A missa iniciava as festividades e prolongava-se com rituais e padres paramentados a rigor, vindos das paróquias vizinhas, e o sermão de um outro, contratado para enaltecer a santa e avivar a fé. O pregador subia ao púlpito e distinguia-se pela desenvoltura com que se exprimia, tanto mais apreciado quanto menos percebido, podendo confundir as virtudes e trocar os santos sem beliscar a fé ou pôr em risco os honorários.
Depois da missa a procissão percorria as ruas da aldeia com uma ou outra colcha nas janelas e mantas de farrapos garridas, que era pobre a gente e a intenção é que salvava.À frente iam os pendões, empunhados por braços possantes que contrariavam o vento, seguidos de bandeiras com imagens pias e anjinhos, apeados, de asas derreadas. A seguir viajavam alinhados os andores do Sagrado Coração de Jesus e de alguns santos que aliviavam o mofo e o abandono na sacristia. Por último vinha a estrela da companhia, a Senhora da Conceição, de comprovada virtude e milagres ignorados.
Os padres viajavam sob o pálio, conduzindo o arcipreste a custódia que exibia a hóstia consagrada, com acólitos a empunhar as varas.
Em meados do século que foi os cruzados gozavam ainda da estima de quem prevenia a salvação da alma e desconhecia a história das guerras religiosas. Assim, ladeando os andores, exultavam os garotos, meninos com uma faixa onde, a vermelho, se destacava a cruz e as meninas com uma touca que lhes escondia os cabelos e exibia uma cruz igual.

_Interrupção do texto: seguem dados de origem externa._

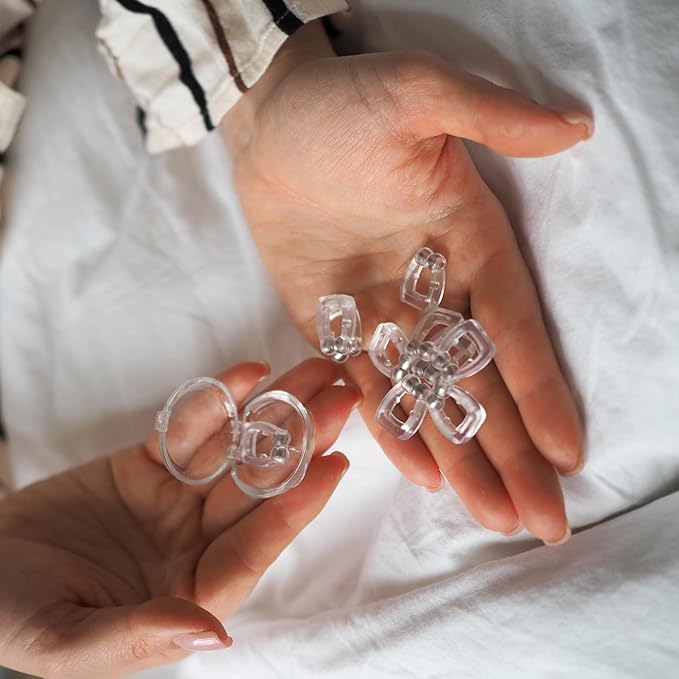 Pack of 6 Magnetic Anti-Snore Clips - Silicone Nose Clips - Reusable Snoring Solution for Nasal Snorers - Enjoy a More Peaceful Night's Sleep - by Mobi Lock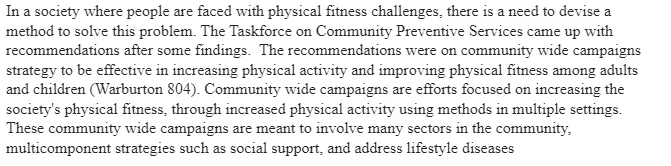 Community-wide Physical Activity Campaign Strategies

Depois dos padres e dos mordomos, orgulhosos dentro das opas, viajavam pelas ruas enlameadas as Irmandades. As Irmãs de Maria traziam o pescoço enfaixado com fitas azuis. Seguia-se a Irmandade do Sagrado Coração de Jesus com fitas vermelhas e, finalmente, as Almas do Purgatório com fitas roxas atrás de um estandarte que as anunciava, não fosse o diabo tomá-las como suas.
A cobrir a retaguarda a banda da Parada atacava música sacra enquanto os foguetes estalejavam no ar. A passo lento se o tempo convidava, ou mais apressados se a chuva fustigava, os crentes regressavam à igreja com deserções antecipadas a caminho de casa onde aguardavam as vitualhas.
Eram assim as procissões da minha infância percorrendo as ruas tortuosas da aldeia e os rectos caminhos da fé.
Carlos Esperança
Jornal do Fundão, ontem.
2 Comentários:
Mestre Carlos Encarnação,
obrigado por mais esta deliciosa reposição.Hoje, embora com mais alguns adereços, a situação não é muito diferente. Acrescentaria apenas que em algumas procissões, se aproveita o passeio dos venerados para os participantes trocarem os habituais abraços, de partir as costelas, por ser o momento de reencontro das longas ausências. Outros não resistem à tentação de fazer uns desvios à adega (a desidratação também mata) matar o vicio do cigarrito, ou aliviar águas. Resultado: É certo e sabido que o Pároco não dorme na procissão e no sermão mais próximo lá passa um raspanete dos antigos aos prevaricadores. O homem não percebe que aquilo não passa de um ritual. A propósito, o mestre não tem aparecido no praça alta! Porque será?
6:43 da tarde
Caro JSF:
Para além das suas palavras amáveis, que agradeço, devo informá-lo de que não me sinto com capacidade para tratar assuntos locais de que me encontro afastado.
É por isso que não escrevo no blog «Praça Alta» mantendo a colaboração permanente no jornal do mesmo nome, apesar de alguns piedosos protestos.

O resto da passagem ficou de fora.